* [Supplied data]
----
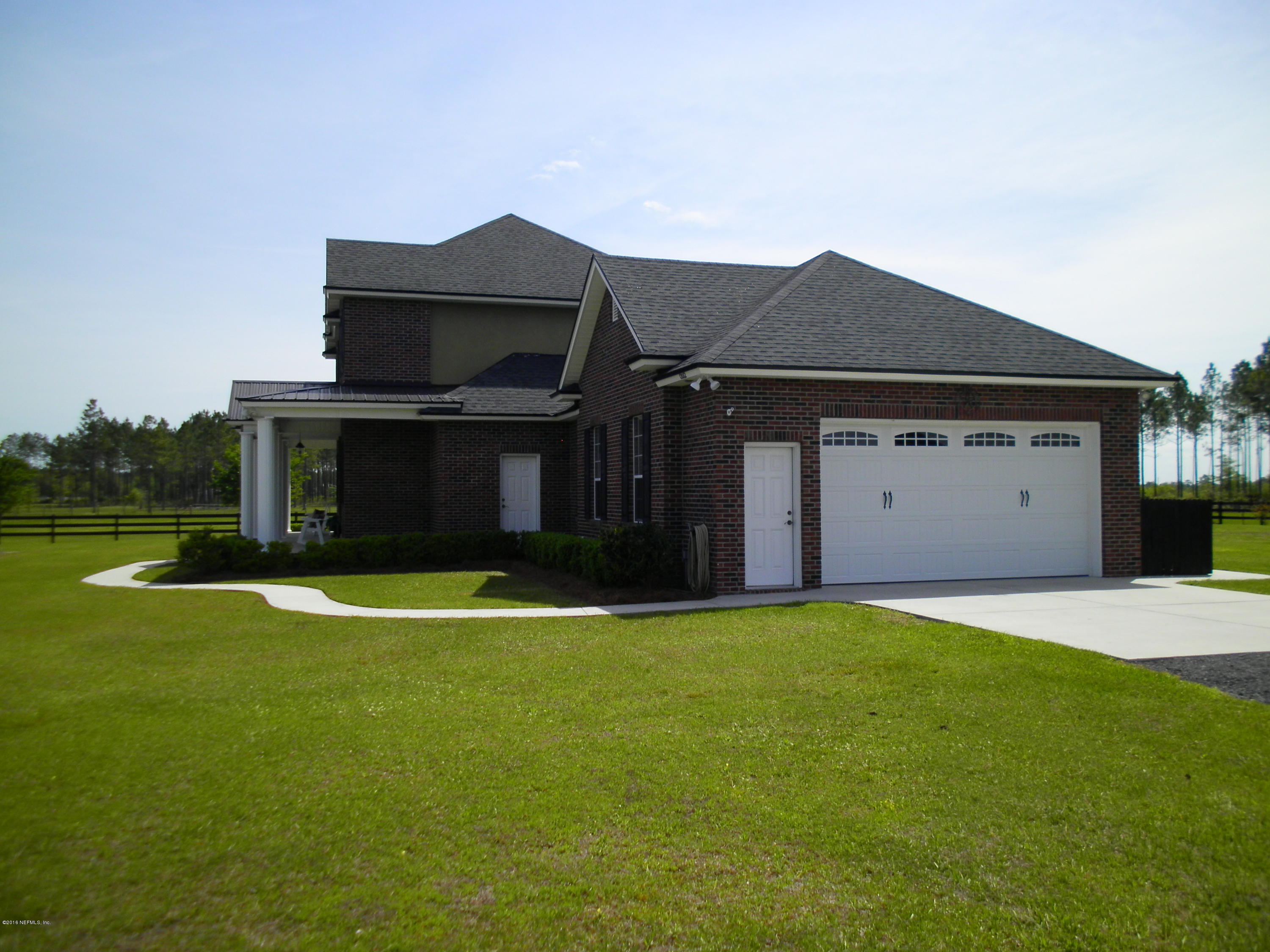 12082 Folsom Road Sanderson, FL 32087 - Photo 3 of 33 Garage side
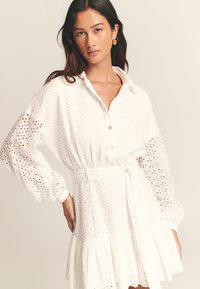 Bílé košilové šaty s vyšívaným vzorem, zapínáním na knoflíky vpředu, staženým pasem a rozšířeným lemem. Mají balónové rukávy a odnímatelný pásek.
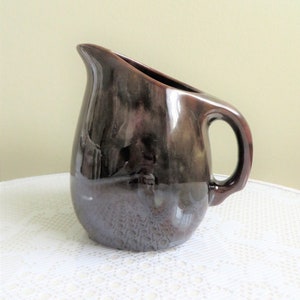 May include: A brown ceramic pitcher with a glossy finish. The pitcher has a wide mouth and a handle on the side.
----
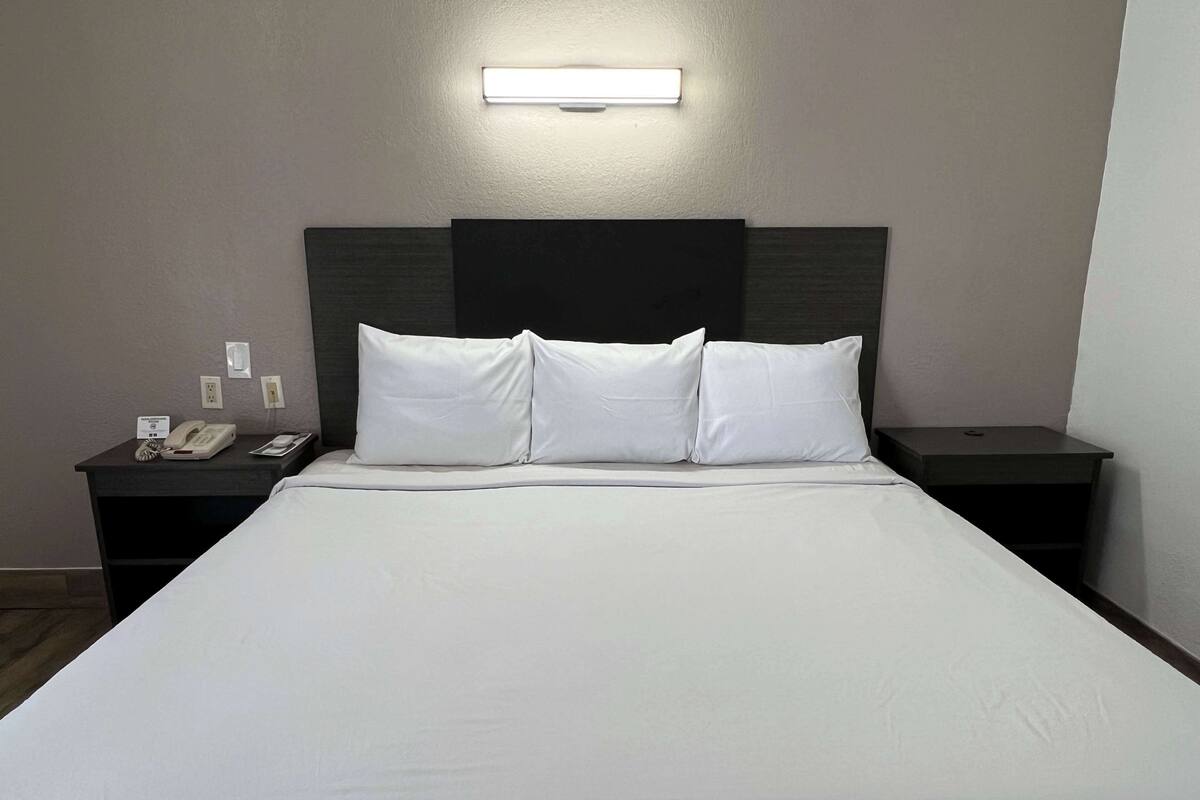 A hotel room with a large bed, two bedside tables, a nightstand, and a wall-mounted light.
----
* [Problem statement] Return exactly the lines of the material above, starting at the line containing "12082 Folsom Road" and finishing at the line containing "May include: A", without any pictures.

* [The completed task]
 12082 Folsom Road Sanderson, FL 32087 - Photo 3 of 33 Garage side
 Bílé košilové šaty s vyšívaným vzorem, zapínáním na knoflíky vpředu, staženým pasem a rozšířeným lemem. Mají balónové rukávy a odnímatelný pásek.
 May include: A brown ceramic pitcher with a glossy finish. The pitcher has a wide mouth and a handle on the side.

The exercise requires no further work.